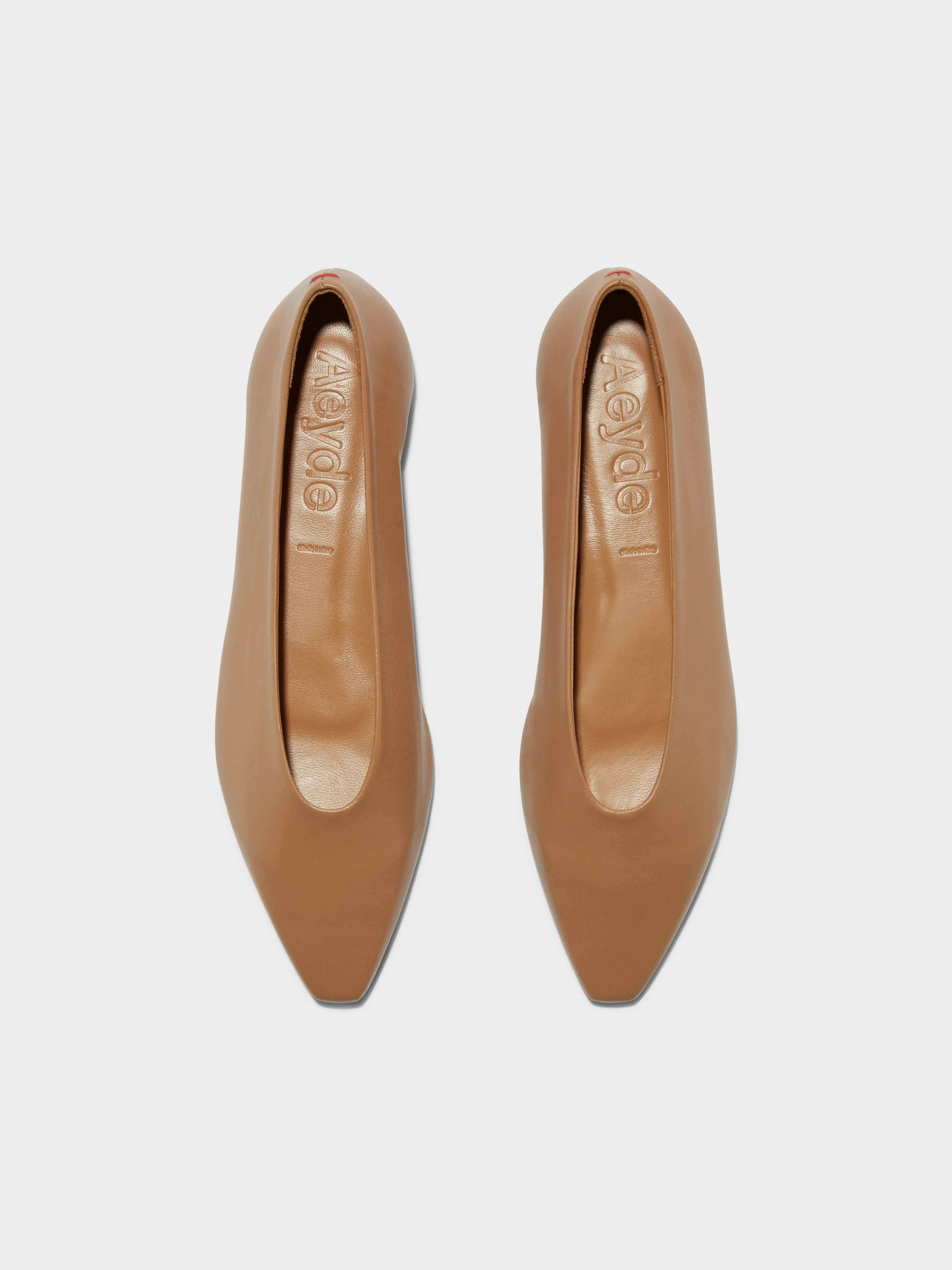 Betty Leather Square-Toe Ballet Flats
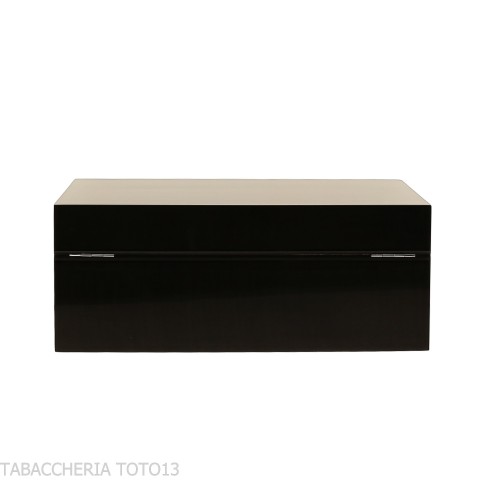 Boîte humidifiée Gentili pour 40 cigares, finition noire brillante - Accessoires Cigare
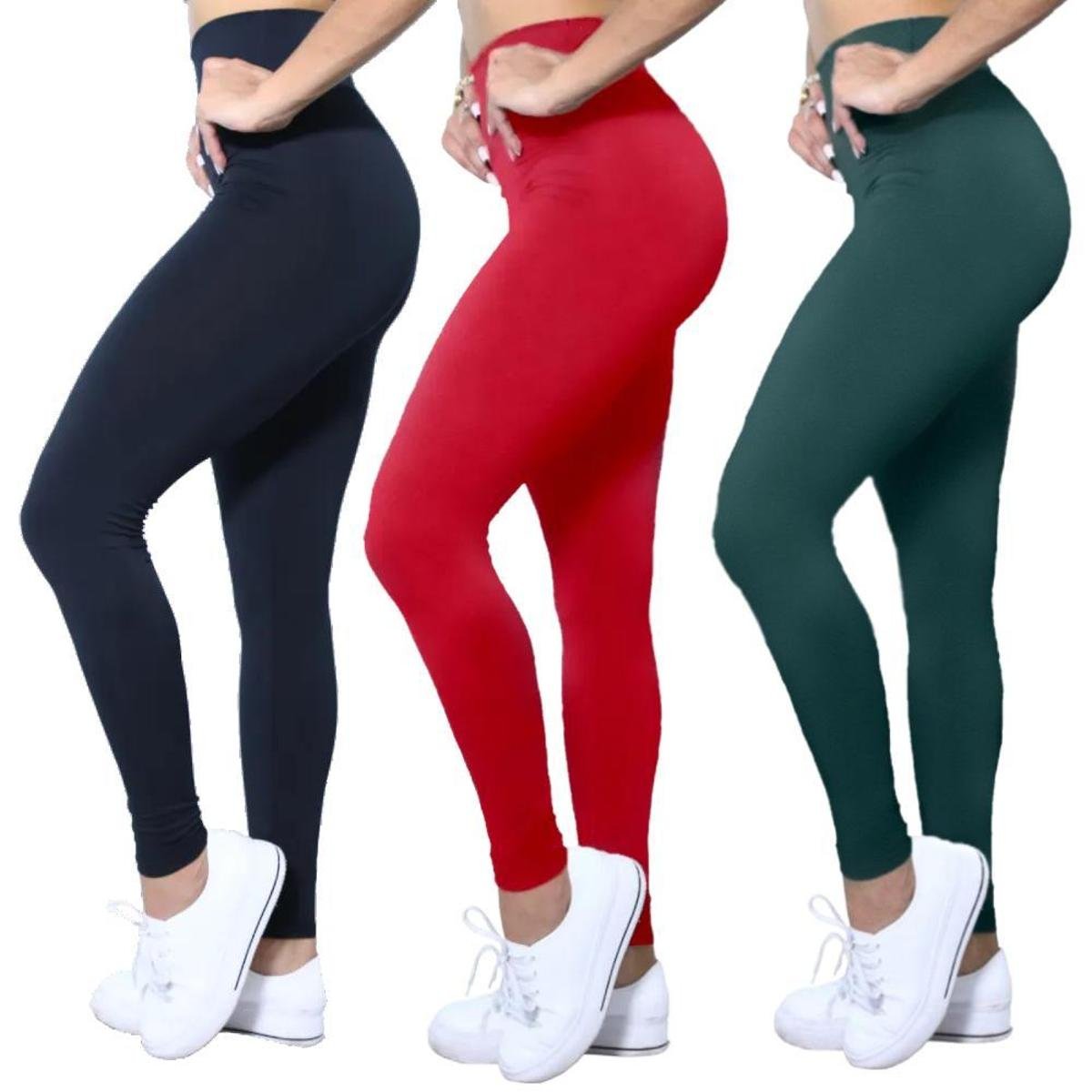 Kit 3 Calças Legging Heide Ribeiro Suplex Cintura Alta Menor preço em Kit 3 Calças Legging Heide Ribeiro Suplex Cintura Alta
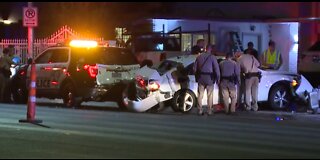 Car crashes into LVMPD vehicle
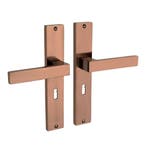 Lusso geveerd op schild sleutelgat 55mm mat brons - deurb..., Ophalen of Verzenden, Nieuw, IJzer, Klink of Kruk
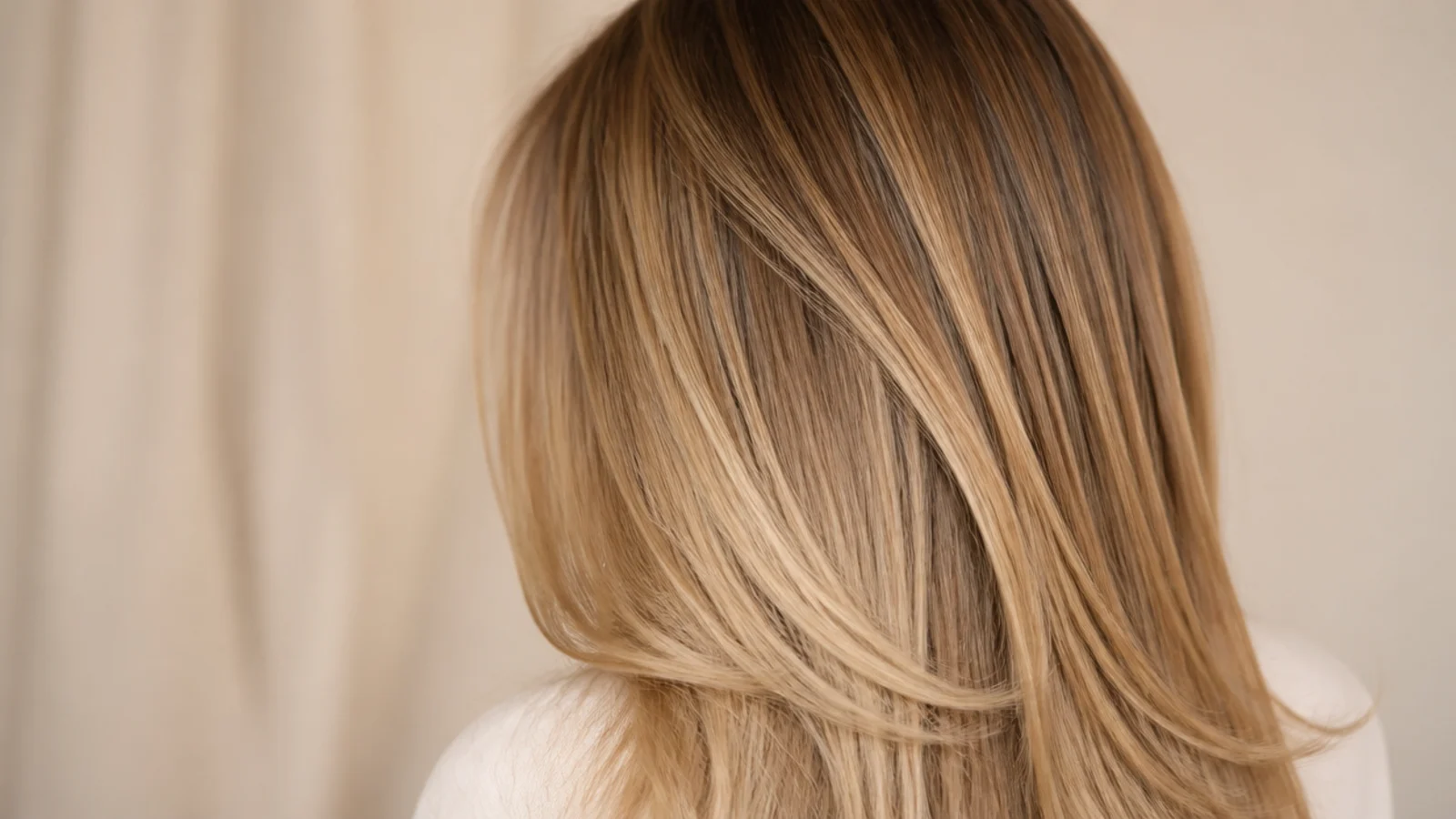Bronde grown-out layered hair blending brown roots and blonde lengths, photographed from behind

++++

__WORK TASK__: Setting the pictures aside, return exactly the lines from the line with "Boîte humidifiée Gentili" through the last line of the listing above.

__TASK ANSWER__:
 Boîte humidifiée Gentili pour 40 cigares, finition noire brillante - Accessoires Cigare
 Kit 3 Calças Legging Heide Ribeiro Suplex Cintura Alta Menor preço em Kit 3 Calças Legging Heide Ribeiro Suplex Cintura Alta
 Car crashes into LVMPD vehicle
 Lusso geveerd op schild sleutelgat 55mm mat brons - deurb..., Ophalen of Verzenden, Nieuw, IJzer, Klink of Kruk
Bronde grown-out layered hair blending brown roots and blonde lengths, photographed from behind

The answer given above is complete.